Apesar de nos servir de incentivo enquanto na medida certa, saudade em demasia pode deteriorar nosso bem-estar ao ponto de ser prejudicial à saúde, principalmente a mental. O que fazer, então, para amenizar a saudade daquilo que está longe?

A pergunta que não quer calar: como se diz “saudade” em inglês? A maioria diz missing, alguns dizem nostalgia, outros longing e até yearning. O próprio OiCanadá já arriscou uma explicação. O número de tentativas para traduzir essa palavra é resultado da inabilidade de cada uma em reproduzir todo o sentimento que há na palavra “saudade.”

Há quem diga que sentir falta é o mesmo que sentir saudade, e que portanto, essas traduções são sim adequadas. Eu não poderia discordar mais. Na minha opinião, dizer isso é dizer que sentir saudade do Brasil, por exemplo, é como sentir falta do controle remoto que, quando quebra, nos faz levantar do sofá para trocar de canal.

“Saudade,” palavra tão presente na poesia e música da língua portuguesa, é certamente mais do que isso. Canções da Bossa Nova como “Chega de saudade” de Tom Jobim e Vinícius de Morais, eternizada no violão e na voz de João Gilberto, falam mais do que a simples percepção de que algo falta.
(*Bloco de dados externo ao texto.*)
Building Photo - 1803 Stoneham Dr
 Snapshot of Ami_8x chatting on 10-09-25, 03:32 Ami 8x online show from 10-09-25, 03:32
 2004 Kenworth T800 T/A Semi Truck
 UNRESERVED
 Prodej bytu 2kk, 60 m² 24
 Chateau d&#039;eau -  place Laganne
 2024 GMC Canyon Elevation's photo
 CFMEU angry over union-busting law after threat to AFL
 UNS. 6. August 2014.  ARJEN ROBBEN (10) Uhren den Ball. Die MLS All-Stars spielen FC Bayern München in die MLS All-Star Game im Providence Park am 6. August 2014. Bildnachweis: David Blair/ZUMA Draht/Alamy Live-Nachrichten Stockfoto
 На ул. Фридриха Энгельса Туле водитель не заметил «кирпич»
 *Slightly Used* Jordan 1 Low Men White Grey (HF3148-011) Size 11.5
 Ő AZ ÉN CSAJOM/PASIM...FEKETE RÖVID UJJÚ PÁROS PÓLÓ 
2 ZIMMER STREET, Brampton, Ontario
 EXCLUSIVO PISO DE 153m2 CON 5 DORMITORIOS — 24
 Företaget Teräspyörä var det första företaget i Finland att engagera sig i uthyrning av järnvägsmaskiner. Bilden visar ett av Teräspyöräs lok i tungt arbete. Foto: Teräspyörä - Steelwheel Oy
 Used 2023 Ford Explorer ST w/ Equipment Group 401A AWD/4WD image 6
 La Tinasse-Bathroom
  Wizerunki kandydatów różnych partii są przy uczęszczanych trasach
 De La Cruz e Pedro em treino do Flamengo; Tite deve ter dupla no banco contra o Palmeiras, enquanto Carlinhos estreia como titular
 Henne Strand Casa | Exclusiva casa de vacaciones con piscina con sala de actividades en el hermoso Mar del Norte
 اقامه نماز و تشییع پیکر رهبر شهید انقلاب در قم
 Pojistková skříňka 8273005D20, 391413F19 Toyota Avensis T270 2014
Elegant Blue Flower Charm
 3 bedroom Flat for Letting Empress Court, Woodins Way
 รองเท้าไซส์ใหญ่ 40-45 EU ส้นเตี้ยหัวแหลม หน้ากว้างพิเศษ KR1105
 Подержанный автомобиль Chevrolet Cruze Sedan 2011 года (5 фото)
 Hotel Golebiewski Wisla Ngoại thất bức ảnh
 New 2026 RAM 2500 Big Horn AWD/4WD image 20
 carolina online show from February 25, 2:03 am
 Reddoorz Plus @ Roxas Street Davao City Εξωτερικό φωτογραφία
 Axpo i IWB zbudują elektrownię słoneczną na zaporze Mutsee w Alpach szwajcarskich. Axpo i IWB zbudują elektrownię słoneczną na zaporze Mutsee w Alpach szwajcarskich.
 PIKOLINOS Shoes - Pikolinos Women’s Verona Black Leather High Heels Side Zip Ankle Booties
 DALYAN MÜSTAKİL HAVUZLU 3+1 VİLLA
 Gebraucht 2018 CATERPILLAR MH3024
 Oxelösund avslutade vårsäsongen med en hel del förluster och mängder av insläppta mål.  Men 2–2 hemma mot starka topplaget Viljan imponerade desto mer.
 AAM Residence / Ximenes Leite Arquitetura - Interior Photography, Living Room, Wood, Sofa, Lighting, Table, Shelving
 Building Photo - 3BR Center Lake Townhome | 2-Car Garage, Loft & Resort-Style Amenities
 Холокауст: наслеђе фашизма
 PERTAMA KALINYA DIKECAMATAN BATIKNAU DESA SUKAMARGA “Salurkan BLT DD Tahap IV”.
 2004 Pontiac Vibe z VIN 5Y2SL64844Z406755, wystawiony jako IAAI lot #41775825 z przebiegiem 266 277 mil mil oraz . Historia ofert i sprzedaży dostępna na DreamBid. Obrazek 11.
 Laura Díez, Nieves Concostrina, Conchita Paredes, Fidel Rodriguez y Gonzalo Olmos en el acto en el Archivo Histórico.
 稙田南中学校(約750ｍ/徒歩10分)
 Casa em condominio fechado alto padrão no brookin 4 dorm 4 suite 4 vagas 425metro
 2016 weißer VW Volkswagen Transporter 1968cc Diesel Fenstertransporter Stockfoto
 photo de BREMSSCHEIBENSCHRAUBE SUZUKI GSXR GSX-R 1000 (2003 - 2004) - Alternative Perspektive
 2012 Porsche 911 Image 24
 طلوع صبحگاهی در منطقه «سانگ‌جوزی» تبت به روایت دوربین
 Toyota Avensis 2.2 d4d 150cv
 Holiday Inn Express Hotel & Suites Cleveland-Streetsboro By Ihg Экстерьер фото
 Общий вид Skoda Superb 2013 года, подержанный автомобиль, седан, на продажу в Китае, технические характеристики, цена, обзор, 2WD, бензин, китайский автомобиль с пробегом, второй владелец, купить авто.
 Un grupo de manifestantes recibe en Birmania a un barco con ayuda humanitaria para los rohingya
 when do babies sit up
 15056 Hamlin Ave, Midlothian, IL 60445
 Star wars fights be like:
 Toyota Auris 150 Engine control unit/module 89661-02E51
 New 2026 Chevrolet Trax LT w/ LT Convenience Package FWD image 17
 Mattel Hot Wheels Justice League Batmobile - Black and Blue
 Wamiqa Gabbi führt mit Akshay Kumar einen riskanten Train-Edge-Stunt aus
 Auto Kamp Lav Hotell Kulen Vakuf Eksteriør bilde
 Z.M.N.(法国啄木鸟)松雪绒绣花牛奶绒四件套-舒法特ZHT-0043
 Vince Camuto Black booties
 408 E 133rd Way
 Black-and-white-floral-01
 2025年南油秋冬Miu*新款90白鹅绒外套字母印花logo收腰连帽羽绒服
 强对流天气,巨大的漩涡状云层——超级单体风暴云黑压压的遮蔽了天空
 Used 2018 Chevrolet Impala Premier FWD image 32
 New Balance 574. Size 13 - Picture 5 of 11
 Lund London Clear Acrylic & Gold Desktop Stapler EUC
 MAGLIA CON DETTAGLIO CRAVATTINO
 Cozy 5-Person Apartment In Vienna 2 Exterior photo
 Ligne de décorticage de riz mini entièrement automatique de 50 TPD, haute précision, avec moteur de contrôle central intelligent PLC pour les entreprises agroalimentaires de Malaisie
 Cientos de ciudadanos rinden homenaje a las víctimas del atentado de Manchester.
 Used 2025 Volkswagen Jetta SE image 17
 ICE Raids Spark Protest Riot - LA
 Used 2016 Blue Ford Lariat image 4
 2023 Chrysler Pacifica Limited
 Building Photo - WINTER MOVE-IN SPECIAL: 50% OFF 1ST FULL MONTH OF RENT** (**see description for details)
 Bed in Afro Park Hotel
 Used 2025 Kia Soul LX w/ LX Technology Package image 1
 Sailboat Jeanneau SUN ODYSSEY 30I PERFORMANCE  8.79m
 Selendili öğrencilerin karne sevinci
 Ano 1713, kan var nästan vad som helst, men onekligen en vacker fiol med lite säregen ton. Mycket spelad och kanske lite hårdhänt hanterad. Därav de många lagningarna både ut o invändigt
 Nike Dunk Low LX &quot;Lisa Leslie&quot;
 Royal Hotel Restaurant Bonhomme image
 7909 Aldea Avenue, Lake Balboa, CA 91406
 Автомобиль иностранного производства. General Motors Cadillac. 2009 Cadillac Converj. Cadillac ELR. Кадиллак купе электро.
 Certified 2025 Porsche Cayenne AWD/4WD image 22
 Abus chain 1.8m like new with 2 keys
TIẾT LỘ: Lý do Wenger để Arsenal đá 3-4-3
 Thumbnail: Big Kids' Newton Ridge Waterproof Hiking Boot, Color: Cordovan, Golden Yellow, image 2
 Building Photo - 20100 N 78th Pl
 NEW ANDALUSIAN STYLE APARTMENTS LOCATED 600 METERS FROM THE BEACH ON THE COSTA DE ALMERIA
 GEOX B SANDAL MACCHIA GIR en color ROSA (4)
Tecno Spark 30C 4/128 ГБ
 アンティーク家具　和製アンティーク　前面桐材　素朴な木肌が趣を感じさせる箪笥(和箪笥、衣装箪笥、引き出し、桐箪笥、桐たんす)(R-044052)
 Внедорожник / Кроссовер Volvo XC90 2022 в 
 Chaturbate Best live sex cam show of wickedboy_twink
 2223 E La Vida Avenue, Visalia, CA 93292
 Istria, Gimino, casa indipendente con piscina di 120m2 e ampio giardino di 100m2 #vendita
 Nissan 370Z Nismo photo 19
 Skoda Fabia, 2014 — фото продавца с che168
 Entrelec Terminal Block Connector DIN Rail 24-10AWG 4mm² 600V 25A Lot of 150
Elas procuram, embora muitas vezes em vão, descrever a sensação de alienação e absurdidade que se sofre quando se sente saudade.

Aliás, se diz “saudade” ou “saudades?” Aparentemente, “saudade” é formal e “saudades” informal. Talvez alguém, ao notar que a palavra no singular não fazia jus ao sentimento, a colocou no plural. Afinal, o que é esse sentimento que nos faz crescer ao mesmo tempo que tira de nós? Seja lá o que for, poucos sentem saudade como alguém que troca seu lar – seja seu lar uma casa, uma cidade, ou uma nação – por outro tão distante e diferente, assim como por exemplo, brasileiros que vivem no Canadá.

Sentimos saudade de tudo: da família, dos amigos, da culinária, da música, do interior, do litoral e até do português no dia a dia. Na organização das metrópoles de países desenvolvidos, sentimos saudade do caos urbano das grandes cidades brasileiras. Ocasionalmente sentimos também falta de algumas coisas: do beijo no rosto, dos vinte centavos que podem ficar pro dia seguinte na padaria, e da famosa saideira, a cerveja “por conta da casa.” Mas, diferentemente dessa falta ocasional, a saudade é constante.

Apesar de nos servir de incentivo enquanto na medida certa, demasiada saudade pode deteriorar nosso bem-estar ao ponto de ser prejudicial à saúde, principalmente a mental. Ela pode causar, entre outras coisas, estresse, depressão e falta de apetite. O que fazer, então, para amenizar a saudade? O importante é ser razoável.

Entenda. Quanto mais tempo passamos longe do Brasil, mais idealizamos as características típicas do nosso país. Se idealiza tanto que, na verdade, o objeto da saudade (nesse caso o Brasil), não é mais objeto de fato e sim uma figura da nossa imaginação, criada por inteira pela saudade.

Torna-se fácil ignorar o que há de positivo ao nosso redor e focamos então nas características negativas do lugar onde estamos. Desprezamos a cultura, o clima, a solitude, e até o idioma no dia a dia – ironicamente, tudo aquilo que nos levou a imigrar e de que um dia sentiremos falta. Refletir sobre esse sentimento nos permite apreciar mais uma vez as coisas do nosso dia a dia no exterior. E a saudade? Ela permanece, mas de forma racional, nos alimentando para que possamos seguir em frente e cumprir nossas metas. Para que o tempo longe de tudo e de todos possa valer realmente a pena.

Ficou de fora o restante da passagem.